## THE PROBLEM
Whenever a line in the data holds the string "Before", copy that line.

(Beginning of MATERIAL FOR THIS EXERCISE)

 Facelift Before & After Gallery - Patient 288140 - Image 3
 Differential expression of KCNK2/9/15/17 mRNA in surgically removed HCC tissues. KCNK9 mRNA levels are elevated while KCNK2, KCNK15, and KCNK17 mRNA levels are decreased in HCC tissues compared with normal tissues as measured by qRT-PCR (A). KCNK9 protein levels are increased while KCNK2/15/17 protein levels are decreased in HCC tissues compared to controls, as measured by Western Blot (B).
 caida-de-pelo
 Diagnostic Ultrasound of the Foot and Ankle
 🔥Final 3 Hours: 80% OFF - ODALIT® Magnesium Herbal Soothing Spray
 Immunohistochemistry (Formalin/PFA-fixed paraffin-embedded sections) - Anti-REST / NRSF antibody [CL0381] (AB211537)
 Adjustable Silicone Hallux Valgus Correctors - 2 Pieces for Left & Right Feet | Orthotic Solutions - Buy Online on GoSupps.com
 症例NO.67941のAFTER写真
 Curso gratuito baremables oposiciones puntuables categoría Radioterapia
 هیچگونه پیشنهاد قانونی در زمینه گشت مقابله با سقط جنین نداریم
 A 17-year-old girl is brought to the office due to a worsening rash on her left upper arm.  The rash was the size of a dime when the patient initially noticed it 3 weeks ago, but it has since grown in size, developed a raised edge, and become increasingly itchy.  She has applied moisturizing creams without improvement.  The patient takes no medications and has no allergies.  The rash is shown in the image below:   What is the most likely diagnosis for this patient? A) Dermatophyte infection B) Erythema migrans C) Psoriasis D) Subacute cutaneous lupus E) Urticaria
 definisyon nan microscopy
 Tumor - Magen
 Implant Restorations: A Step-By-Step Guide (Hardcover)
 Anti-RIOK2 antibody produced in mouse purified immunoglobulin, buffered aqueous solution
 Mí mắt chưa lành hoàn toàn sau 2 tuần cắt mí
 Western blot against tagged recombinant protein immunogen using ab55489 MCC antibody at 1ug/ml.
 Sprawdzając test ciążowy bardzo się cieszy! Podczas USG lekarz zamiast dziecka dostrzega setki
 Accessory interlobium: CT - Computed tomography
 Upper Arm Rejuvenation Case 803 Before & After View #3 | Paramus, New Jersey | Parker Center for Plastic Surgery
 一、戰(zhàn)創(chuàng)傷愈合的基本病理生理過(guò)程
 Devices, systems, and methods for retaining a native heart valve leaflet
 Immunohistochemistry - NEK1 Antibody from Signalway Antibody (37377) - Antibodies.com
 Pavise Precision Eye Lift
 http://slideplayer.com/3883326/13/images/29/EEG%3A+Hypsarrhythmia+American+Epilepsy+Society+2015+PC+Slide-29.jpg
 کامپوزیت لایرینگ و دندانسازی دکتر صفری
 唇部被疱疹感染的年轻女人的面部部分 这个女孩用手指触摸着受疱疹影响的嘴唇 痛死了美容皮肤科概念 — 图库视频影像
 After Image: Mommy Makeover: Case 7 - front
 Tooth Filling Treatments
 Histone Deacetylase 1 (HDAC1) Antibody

(End of MATERIAL FOR THIS EXERCISE)

## WRITTEN ANSWER
 Facelift Before & After Gallery - Patient 288140 - Image 3
 Upper Arm Rejuvenation Case 803 Before & After View #3 | Paramus, New Jersey | Parker Center for Plastic Surgery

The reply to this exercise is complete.